Copy task for the material below: print the line with "Meriahnya Perayaan Ulang" and every line after it to the end, exactly as written, without the pictures.

_STORED DATA_.
################

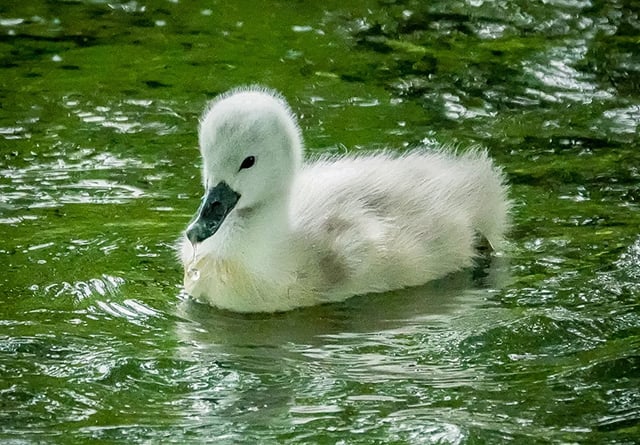 Our favourite readers' photos: Cygnets, geese and stunning sunsets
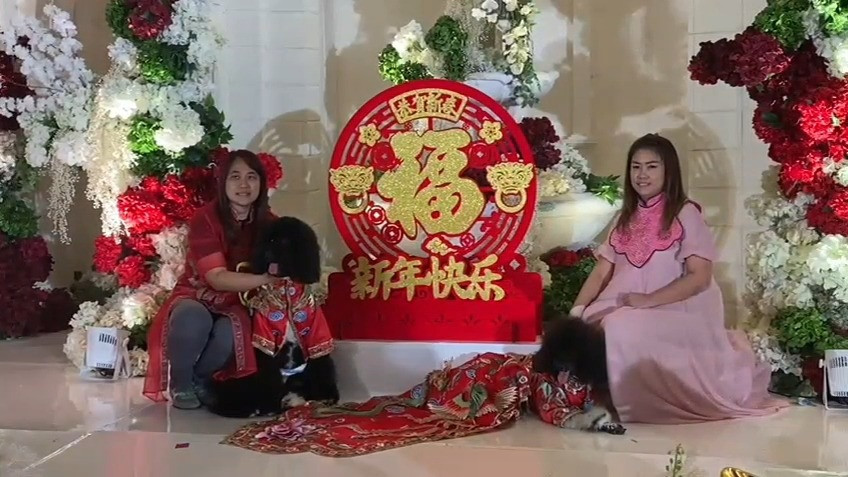 Meriahnya Perayaan Ulang Tahun Anjing sekaligus Cap Go Meh di Gedung Mewah Surabaya
            - galeri foto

################

_ANSWER TO THIS EXERCISE_.
 Meriahnya Perayaan Ulang Tahun Anjing sekaligus Cap Go Meh di Gedung Mewah Surabaya
            - galeri foto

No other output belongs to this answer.